In August, we found ourselves in Oban on the first sunny day of the season worrying about the lack of wind. We were about to take charge of a charter yacht and have a week sailing with Jo’s parents.
The first few days we had fantastic weather – warm, sunny, just enough wind to get along the long exposed and shelterless south coast of Mull to a truly amazing anchorage and swimming near Iona with clear (cold) water and blue skies. After a short stop on Iona, the weather was perfect for a sail close around Staffa and Treshnish Isles, where we heard (and saw) lots of seals and birds. We then anchored in lovely but quite space-limited and rather isolated spot off Gometra (NW Mull) and enjoyed a wonderful sunset.

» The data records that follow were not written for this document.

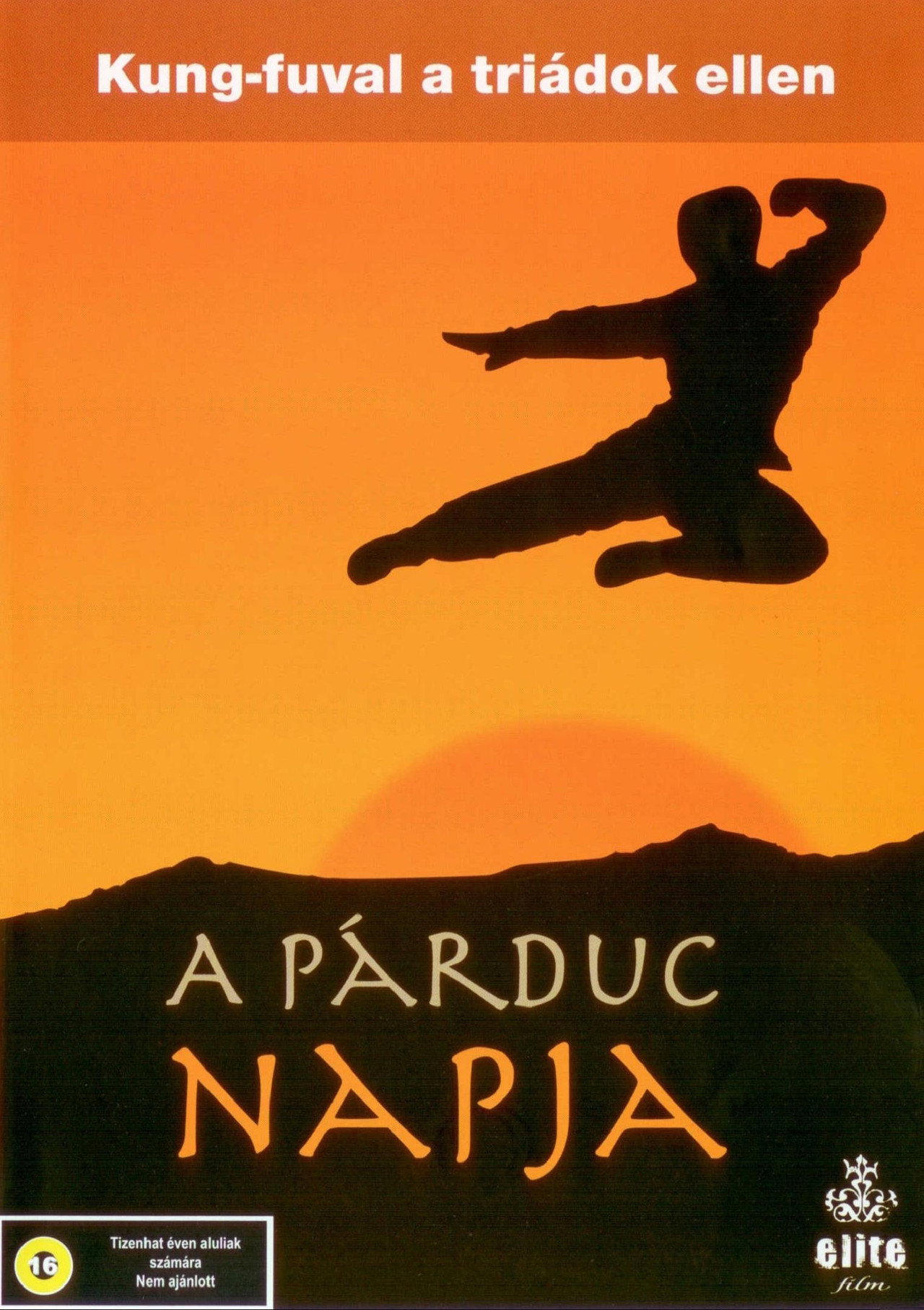 A párduc napja – plakát 6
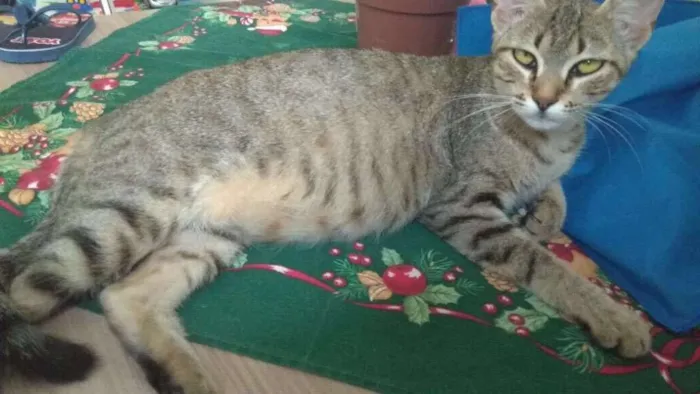 Gato ra a SRD idade 1 ano nome Princesa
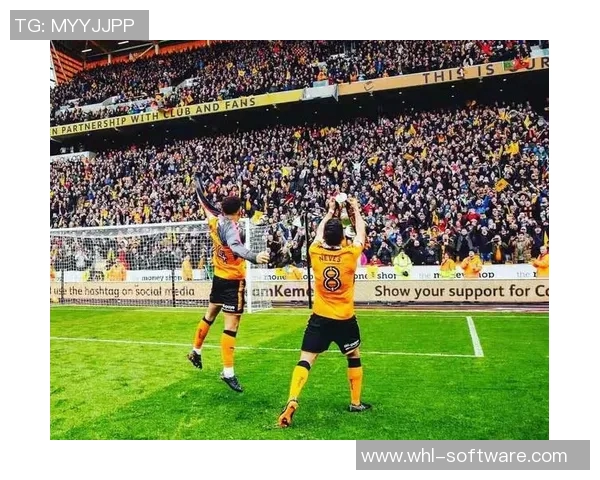 若昂内维斯的足球之路：从青训新星到职业联赛的璀璨之星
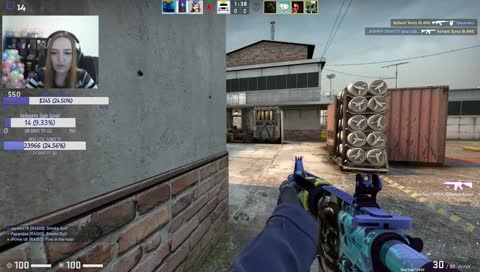 Pew Pew with Dino [ENG] #GSF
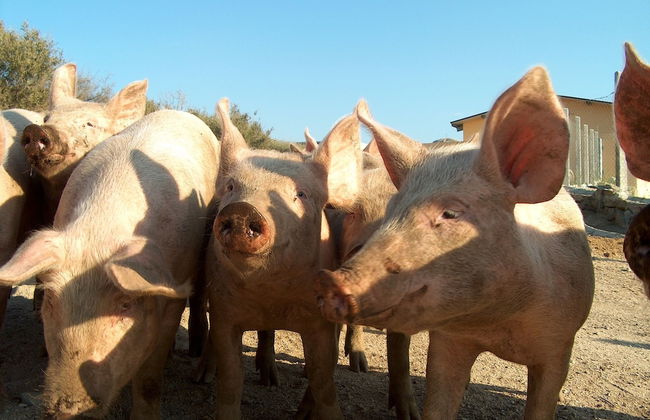 Agriturismo Lu Branu - Photo 50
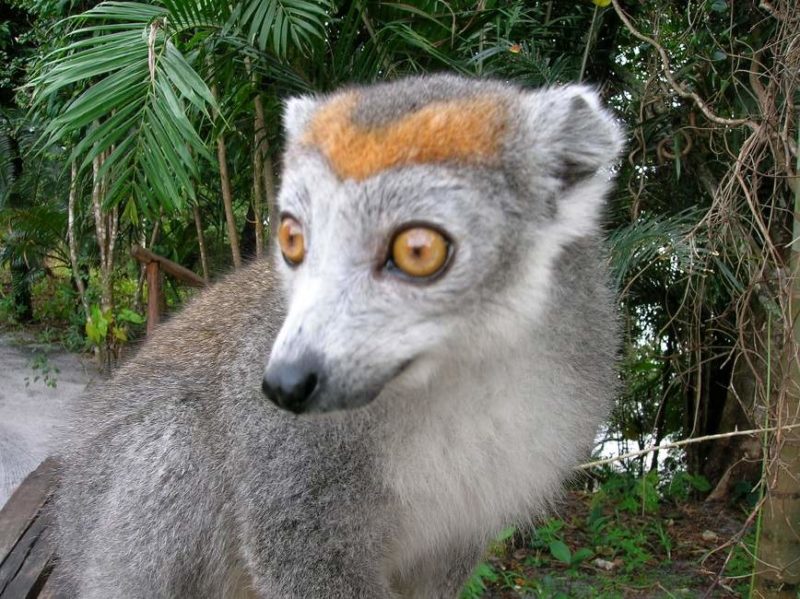 Rencontre avec les lémuriens - Madagascar | Au Tigre Vanillé
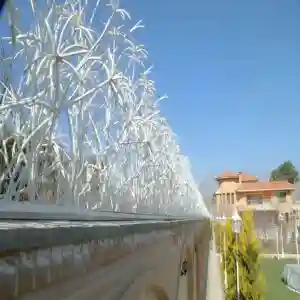 حفاظ نخل مرداب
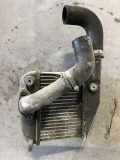 Ladeluftkühler NISSAN PRIMERA (P12) 1.9 dCi ETP9159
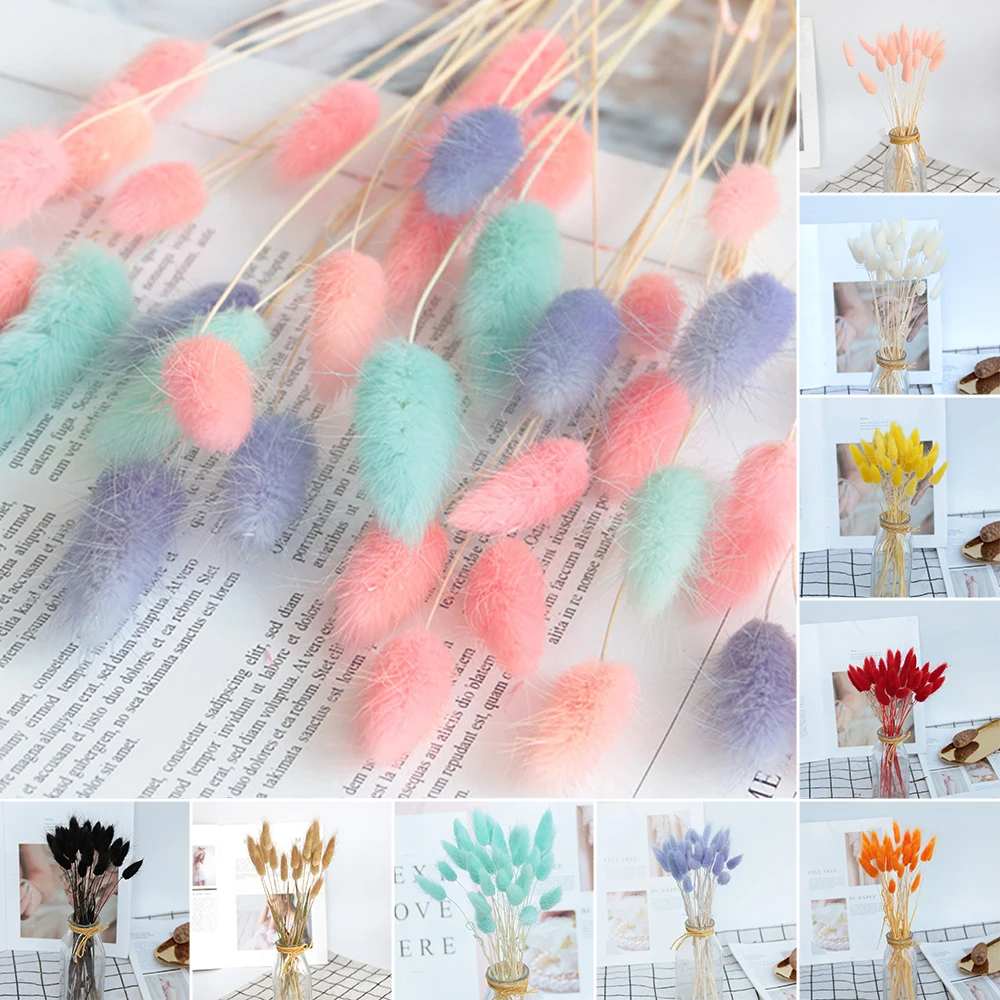

30Pcs Rabbit Tail Grass Natural Dried Flowers For Home Decoration Flower Arrangement Wedding decoration Real Flower Grass Props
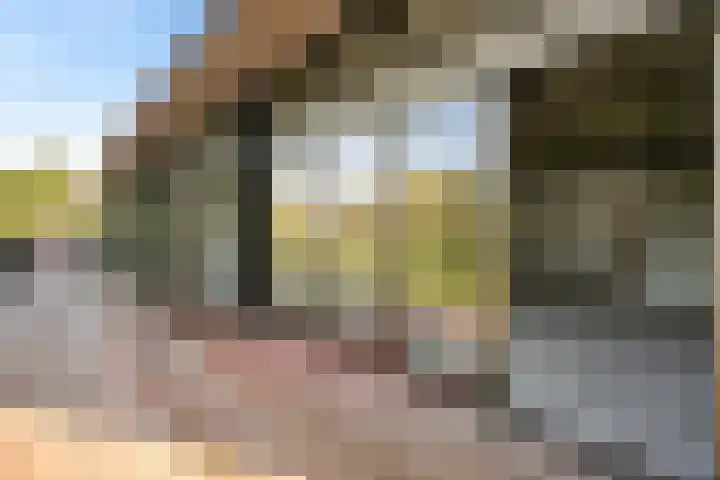 Koesteeg 2 a Ommen thumbnail 65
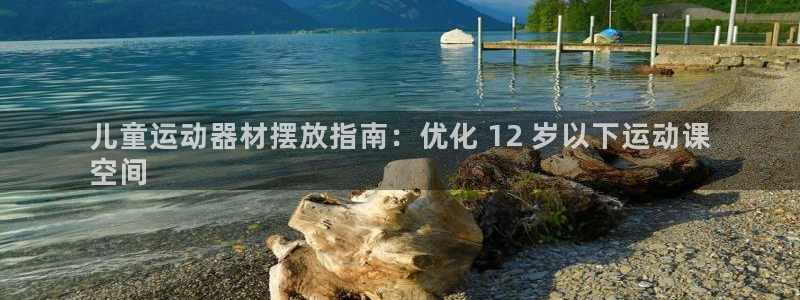 ZL尊龙凯时集团：儿童运动器材摆放指南：优化 12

The next morning our intended fast exit failed when we found all our batteries were flat. The wind was getting up, and we didn’t really have enough chain out to stay where we were for long (but couldn’t put more out as we would swing onto the rocks). The crew of the other boat in the anchorage had gone ashore, but luckily we were saved from having to sail out of our enclosed bay in gusty winds by a couple of blokes from a nearby fish farm with a spare battery. I was just tightening up the spare battery when Jo shouted something about another boat being quite close. I thought nothing of this and continued connecting the battery until the message was that the boat was within a length of us. By the time I was on deck, the other boat was being pushed off the bow, and a quick check showed that it was them moving not us. By now the wind had picked up considerably, and while the fish farm boat had towed the drifting boat into the back of the bay, they couldn’t make it stick. It soon became clear that this runaway boat was in serious danger of drifting onto rocks/out into the Atlantic, and we didn’t know for certain if anyone was on board or not. On the advice of the coastguard, we carefully manoeuvred our yacht so that Dave could jump between the boats, which required some skilful helming not to ground our own yacht.
I found myself aboard a smart looking Vancouver 34 about to hit some rocks. Thankfully the key was in the ignition and engine started first time, after which I followed Jo to open water. I could then turn the instruments on, get the anchor up and clear the 1 m diameter ball of seaweed off the anchor. After having a few moments to collect my thoughts, I realised I was going to have to anchor this unknown boat single handed. The thought that letting it ground in the bay would be better than it drifting out to sea or being dashed against rocks gave me some comfort. Even once anchored, the excitement continued as I found (or rather didn’t find) the engine is switched off in an unusual place, so I was forced to leave the engine running. Jo did an excellent job of running alongside the anchored boat and picked me off at high speed with only minor bumping as the wind buffeted both boats.
By this time, the rain joined the increasing wind and it was an easy decision to head for Tobermory and a pontoon with little chance of dragging an anchor. Even then it was a long sail round, as we discovered hired sailing waterproofs aren’t waterproof, although made much better by an entertaining evening in the Mishnish Inn courtesy of the owners of the rescued boat.
Next day we headed across Loch Sunart to Ardnamurchan. This provided great sailing at first, but as we got further into the narrowing loch, we discovered our charter boat preferred not to go upwind in strong winds and it became rather exciting in a confined space. We moored in a bay to visit Jo’s parents’ friends, again on a nice strong mooring buoy, and made the (in hindsight) silly decision to go ashore in dinghy. The wind and waves stronger than expected meant that having got ashore, getting back to the boat was almost impossible and we had to stay ashore for the night and wait for winds to drop
in the morning to get back on board .
After the beautiful weather in the first part of the week, followed by the various excitements, the last couple of days provided some more traditional Scottish sailing, with wind, cloud and some sun. We spent most of the day beating along the Sound of Mull, but this was relaxing all the same. The last day was sunny again, and with little wind, we drifted and played with porpoises for a hour or so. Unfortunately, the drifting and associated motoring to get away from ferries and rocks meant that all the batteries were flat again. We were rescued once more – an easy job this time as we were almost within spitting distance of the charterers. We have concluded we had just been sailing too much, not using the engine enough and that electric windlasses are silly.